Slavery in the US
While the US was founded on principles of representation, due process and universal rights, slavery remained one of the most persistent and visible exceptions to these ideals.
Slavery, including chattel slavery, was a legal institution in the US from the colonial period until the Emancipation Proclamation (1863) and Thirteenth Amendment of the Constitution (1865). Most slaves in the US were people brought from Africa and their descendants, and this racial dimension of US slavery continues to impact US civil rights debates. By 1860, four million people lived as slaves in the US, and most worked in the agriculture sector. The rise in the southern cotton industry after 1800 also led to a steady increase in slavery, which then became a major catalyst for the Civil War.
Conditions of Slavery
The conditions of slavery were harsh, starting with the "middle passage" where Africans were stuffed into the hulls of ships like cargo. Some fifteen percent of enslaved people are estimated to have died during travel from Africa. In the US the conditions of slavery acted to dehumanize enslaved people denying them even basic rights. The use of native languages was banned, and it was illegal to learn or teach reading and writing. Marriages were banned, and children were often taken away from parents to be sold. It was also common for slave owners to sexually assault enslaved women. Finally, working conditions were long and hard, especially for field workers, and violence was an ever present part of life.
Abolition
Throughout this period many people worked to end slavery. Early abolitionist legislation included Congress prohibiting slavery in the Northwest Territory (1787), and a ban on the import or export of slaves (1808) in the US and Britain. Resistance to slavery also took other forms including institutions such as the Underground Railway that helped escaping slaves make their way to freedom.
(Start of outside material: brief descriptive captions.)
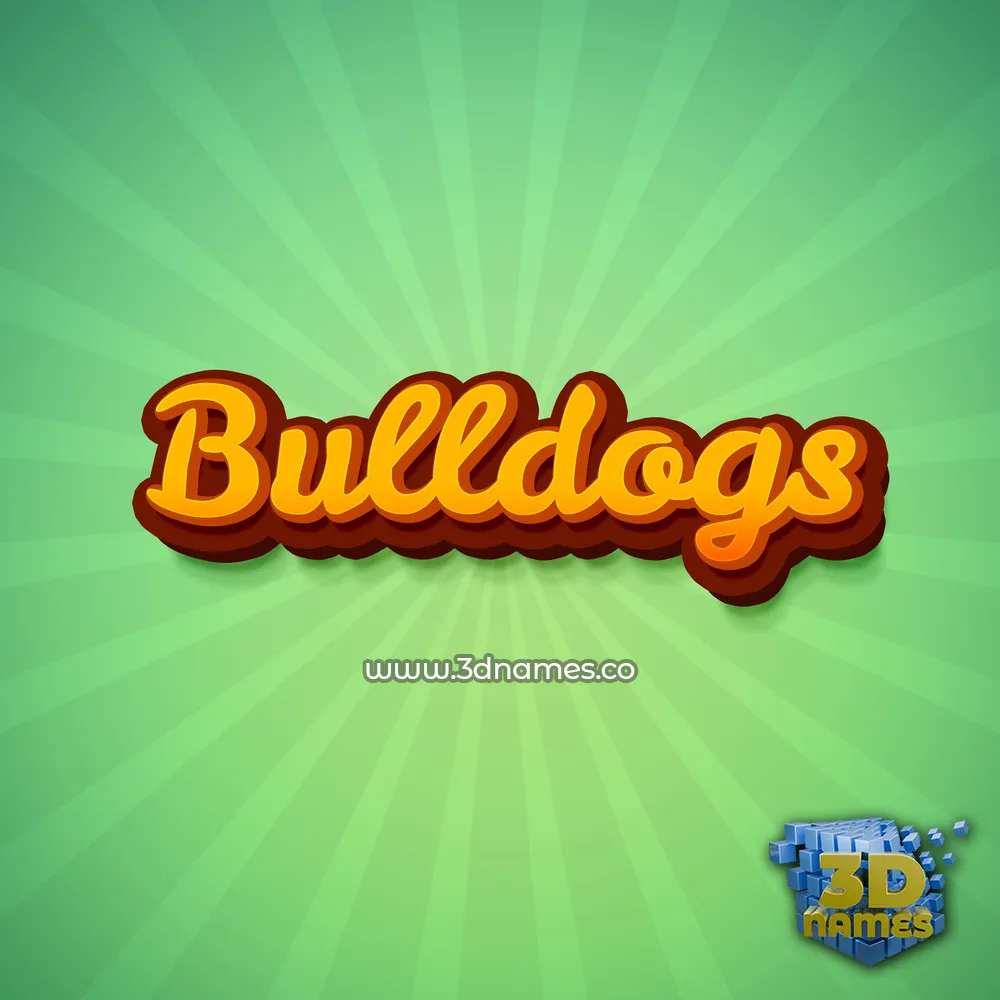 bulldogs in Green Rays style - 3D name wallpaper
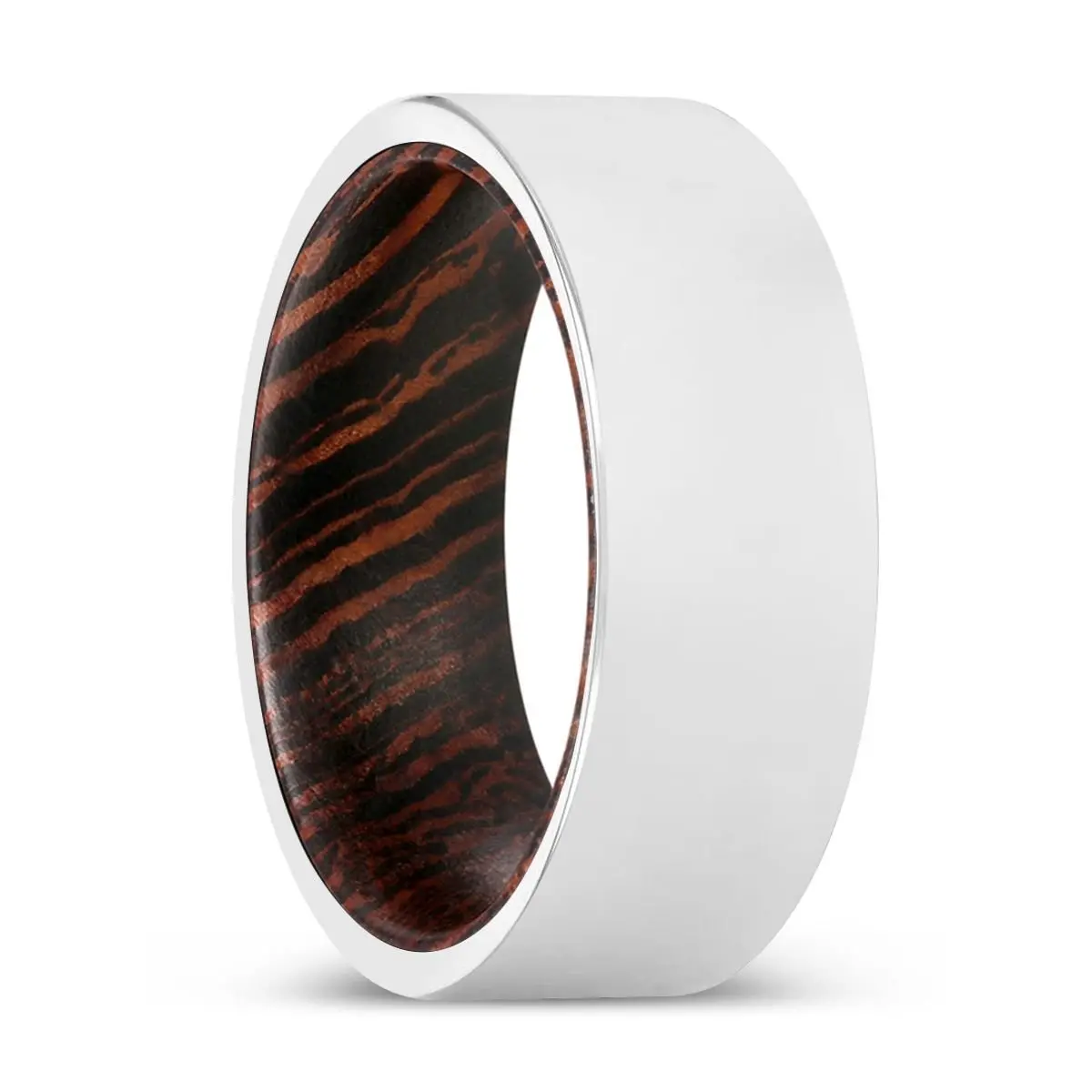Booker | Wenge Wood, Silver Tungsten Ring, Shiny, Flat 1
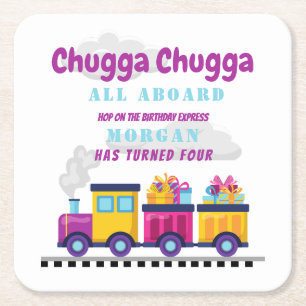Train Chugga Choo Cartoon Any Age Birthday Square Paper Coaster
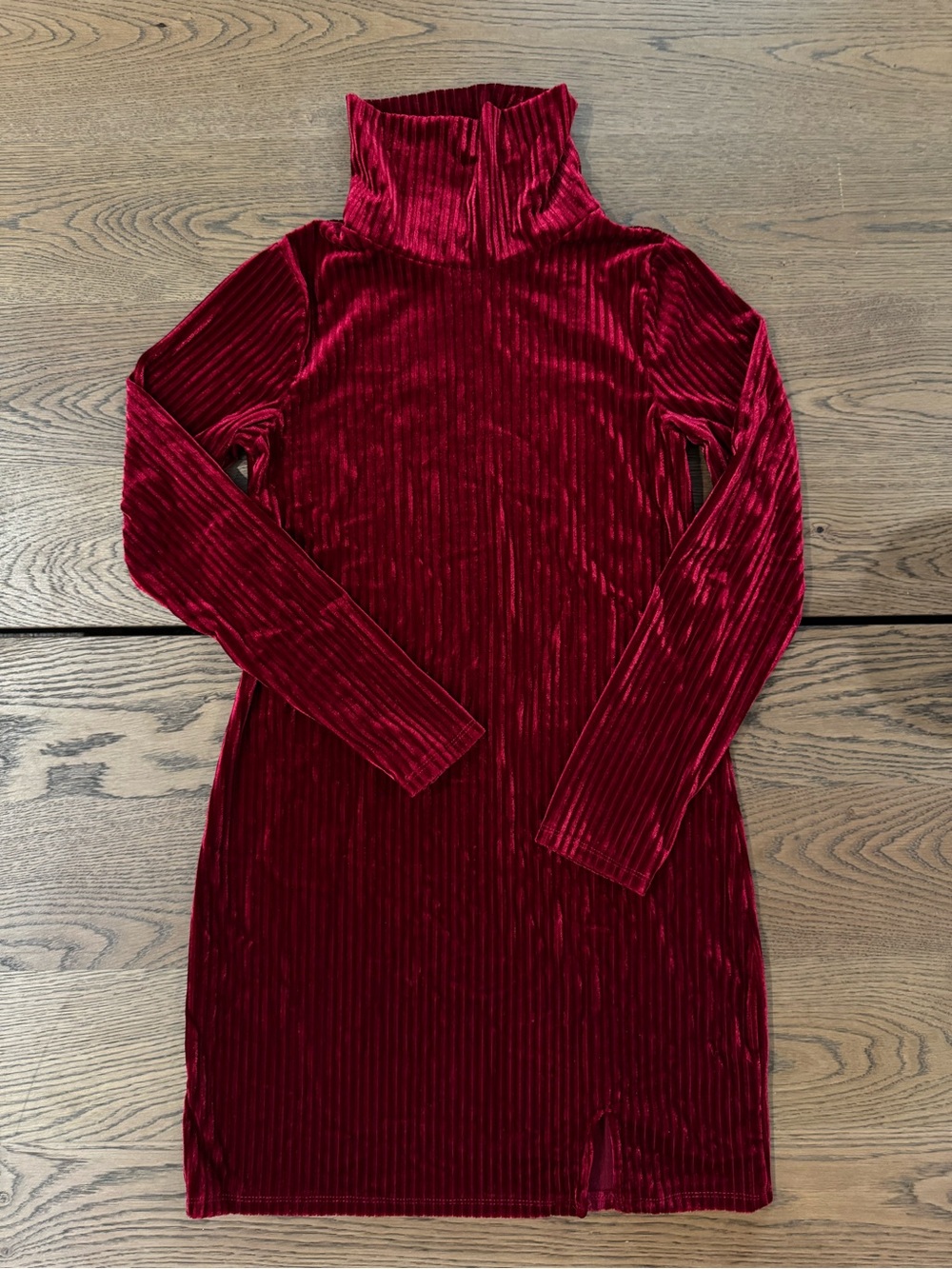 Kid’s Art Class Red Velvet Ribbed Turtleneck Dress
Abolitionists came from various communities including religious groups such as the Quakers, white anti-slavery activists such as Harriet Beecher Stowe, and former slaves and free people of color such as Frederick Douglass, Robert Purvis and James Forten. While some abolitionists called for an immediate end to slavery, others favored more gradual approaches. These included the banning of slavery in the territories, and manumission campaigns encouraging individual owners to free slaves.
Frederick Douglass
Frederick Douglass was a freed slave prominent abolitionist and rights advocate.
Arguments against Slavery
Abolitionists used several arguments against slavery. As early as 1688, Quakers in Germantown, Pennsylvania presented a petition to end slavery based on religious obligation and natural rights to equality. In 1774, a group of enslaved people in Massachusetts petitioned the governor against slavery used similar arguments including the natural rights of all people, the demands of Christian brotherhood, and the harsh conditions of slavery. By the 1830s, evangelical groups became quite active in the abolitionist movement including the formation of the American Anti-Slavery Society in 1833. These groups often also supported other reform movements such as temperance movements and supports for public schools.
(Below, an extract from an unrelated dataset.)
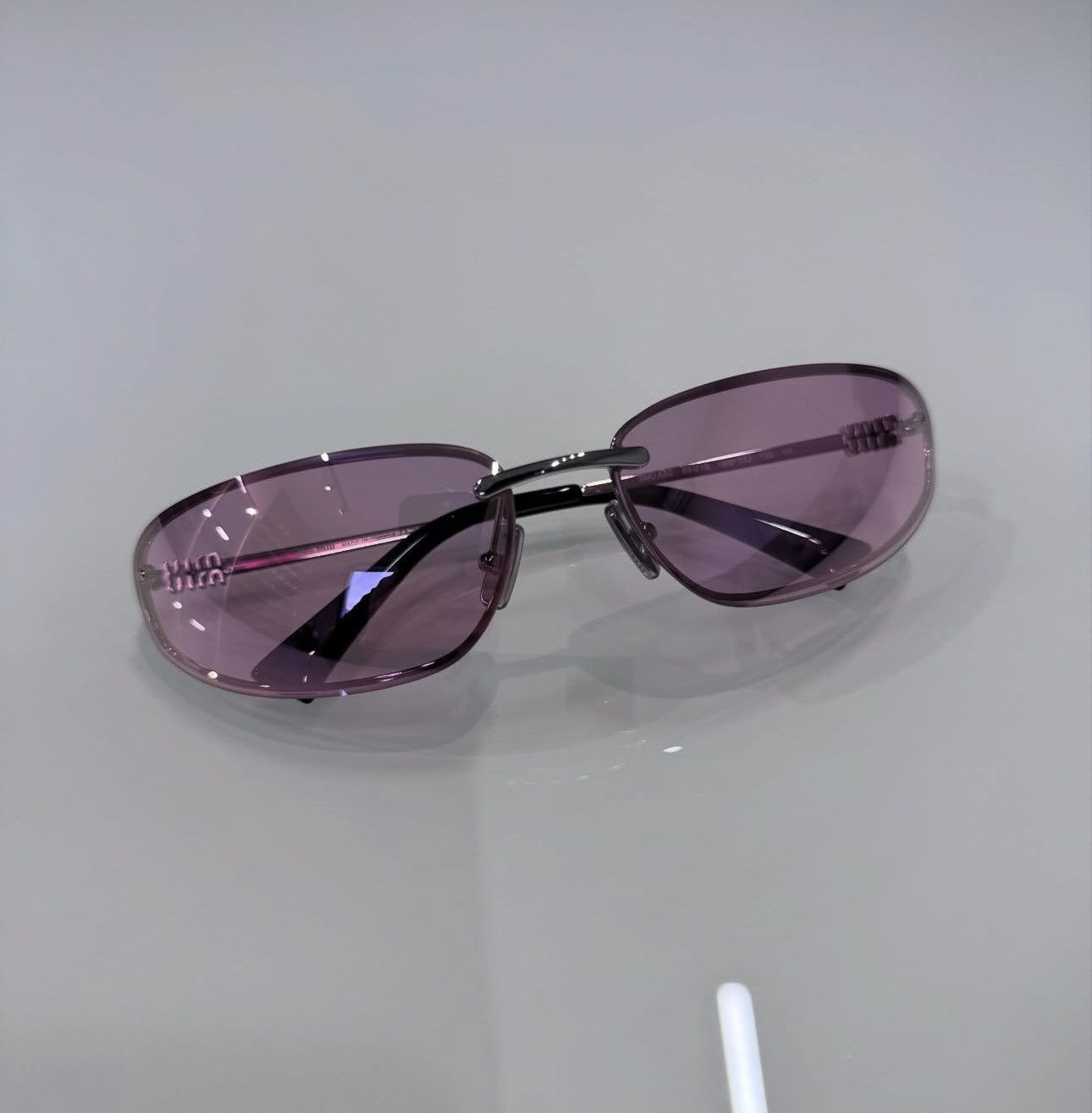 Miu Miu: Women's Pink Lens Sunglasses (Pink) | DSMNY E-SHOP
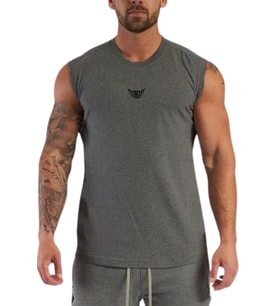 Erkek Nem Emici Hızlı Kuruma Atletik Teknik Performans Sporcu Sıfır Kol T-shirt MG-ATLET (Füme)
Early politicians and constitutional authors including Thomas Paine, Alexander Hamilton and Thomas Jefferson also had reservations about slavery because of their commitment to equal rights. However, many of these same politicians also owned slaves.
Gradual Abolition and Conflict
By 1804, most of the northern states had moved towards the abolition of slavery. although this process was quite gradual, and freed slaves were often subject to racial segregation and discrimination. Manumission campaigns in the Upper South were also successful in increasing the number of free people of color in Virginia, Maryland and Delaware where, by 1810, three-quarters of Black people in Delaware were free.
Support for slavery remained the strongest in the southern states where slavery was an important economic institution for cotton and other agricultural industries strongest in the South. The conflict over slavery became a key catalyst for the Civil War that divided northern and southern states.